Travelling. Our daughter has no understanding of where she is. Cities and planes are totally unfamiliar concepts, mere adult abstractions. It’s just more world stuff, which happily contains a continuing supply of nappies, cuddles and milky-wilky. Intriguingly, she does not seem to connect transport with movement, shifting in time with travelling in space. To his credit, at least Trump seems to have understood that he was in the Middle East at some point. Mind you, his world is just an endless array of blandly opulent hotel interiors with gold fittings, with steak and ketchup permanently on the menu, Fox News always on the TV and just the occasional diaper to hand just in case.

Tiredness. Just like the US President, such a gruelling schedule for someone of her age has caused occasional bouts of mental and physical exhaustion. I’d like to apologise to anyone in or near the Moroccan restaurant in Exmouth Market around 2.40pm yesterday afternoon, and anyone on or in the vicinity of the 16.32 from Farringdon to Sutton on the same day. Luckily she is denied access to social media so she can’t  share her meltdowns with the wider world. I suspect that White House staff would find it much easier to deal with her than with the manchild they’re supposed to be nursing.

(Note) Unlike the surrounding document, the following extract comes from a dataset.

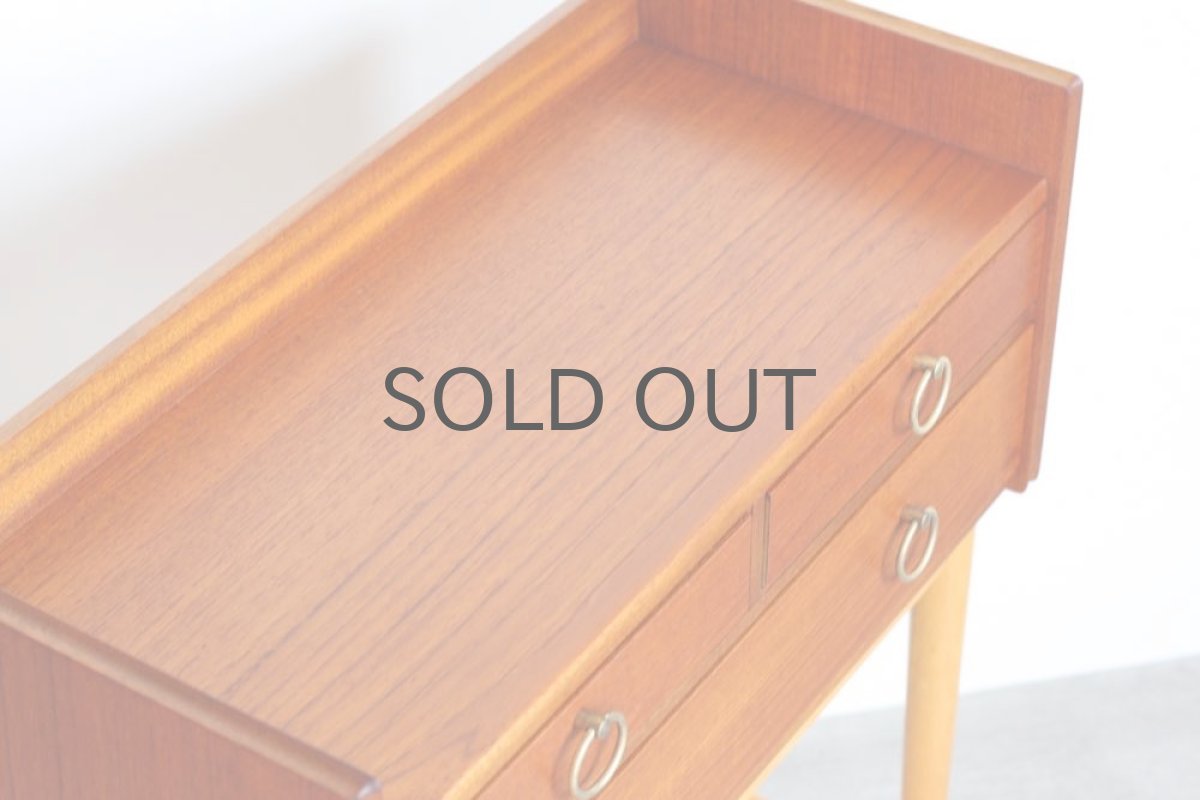 画像5: 北欧ビンテージ家具／デンマーク製／チェスト／チーク／真鍮リングハンドル (5)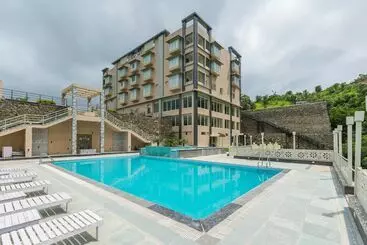 Hotel The G Mount Valley Resort & Spa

Reception. At every stage of her foreign trip she’s largely been greeted with goodwill, even delight. She hasn’t been confronted with any protests, nor would one expect a four-month-year old to be. There are no photos in which someone’s looking at her as though she’s an utterly insufferable creature. I think this Pope might actually be very good with children.

Result of trip. The world is not a significantly less stable place as direct consequence of her visit to the UK. She hasn’t conducted any major arms deals with extremely dangeous countries (that’s the sort of thing that new parents have to watch out for). At the same time, she hasn’t learnt anything about terrorism, the Holocaust or Climate Change, but then neither, to be fair did President Trump on his trip.